Mannsville is a hamlet within the town of Colonie, Albany County, New York, United States. It is a small community west of the city of Watervliet and is inaccessible to the rest of Colonie by car without driving through Watervliet. Town historian Jean Olton stated in 1987 that Mannsville was no longer considered "an official hamlet" of the town of Colonie. As of 2019, Mannsville (misspelled as Mansville) is listed on the town of Colonie's Town Historian website as an unincorporated community within the town.

==History==
In 1875, Francis N. Mann purchased most of what is now Mannsville from John Schuyler. Mann was a judge in the town of Watervliet (not to be confused with the neighboring city of Watervliet). He died a few months later, and his children—Francis N. Mann Jr., Elias P. Mann and Emily Mann—inherited the land. In 1905 they moved to England without disposing of the land or arranging for the property taxes to be paid. Albany County eventually foreclosed, auctioning the land off in lots, leading to a boom in new housing in the 1970s.

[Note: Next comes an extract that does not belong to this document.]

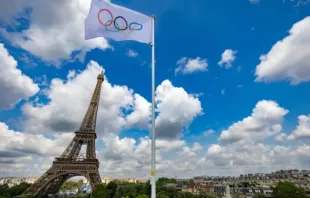 Bandeira olímpica em estádio próximo à torre Eiffel em Paris, França, na última quarta-feira (24).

In 1998, the neighboring city of Watervliet attempted to annex the small hamlet, which at that time consisted of roughly 175 inhabitants. Colonie Town Supervisor Mary Brizzell stated the pros for staying with Colonie as lower taxes, access to the town golf course, youth services, and community development grant money. Watervliet Mayor Robert Carlson put forth in favor of annexation the facts that emergency and fire response times would improve, the city provides municipal garbage pick up, does not charge a fire district tax (Colonie does), the children of Mannsville already attend the Watervliet City School District, and most residents attend Watervliet churches.

==Geography==
Mannsville is roughly 18.5 acre in area. Mannsville is generally understood to be bordered on the south by NY Route 155; on the north by 15th Street and the Watervliet city line; on the east by Elbow Alley, which runs between Eighth and Ninth Avenues and Watervliet city line; and on the west by railroad tracks. Mannsville is flat and of low elevation. Since, 1995 residents have complained of frequent flooding due partly to beaver dams on the Kromma Kill and to increased residential construction uphill and upstream from the hamlet.